▶ WHAT IS REQUIRED: The reply should consist solely of the lines from the one with "Tow Mater Anytime" through the final line of the listing, copied exactly, with no pictures.

▶ SUPPLIED INFORMATION:
---

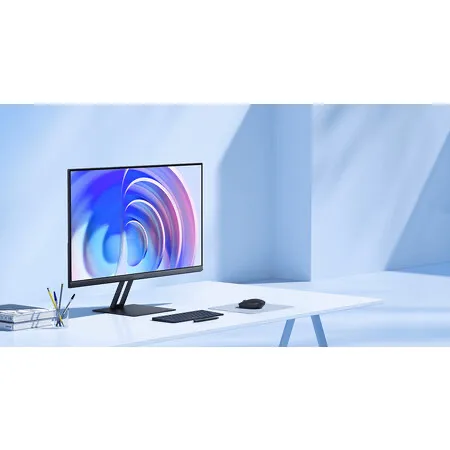 Moniteur Xiaomi A24i - 23,8" Full HD IPS 100Hz 8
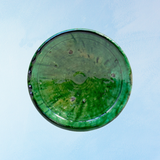 tamegroute - dinner plate (two sizes)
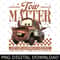 Tow Mater Anytime Anywhere Anyplace Png, Funny Mater Cars Png, Vintage Car Family 2024 Trip Png.jpg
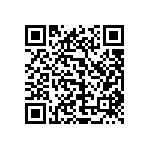 1206Y5000391KFT QRCode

---

▶ RESULT OF THIS TASK:
 Tow Mater Anytime Anywhere Anyplace Png, Funny Mater Cars Png, Vintage Car Family 2024 Trip Png.jpg
 1206Y5000391KFT QRCode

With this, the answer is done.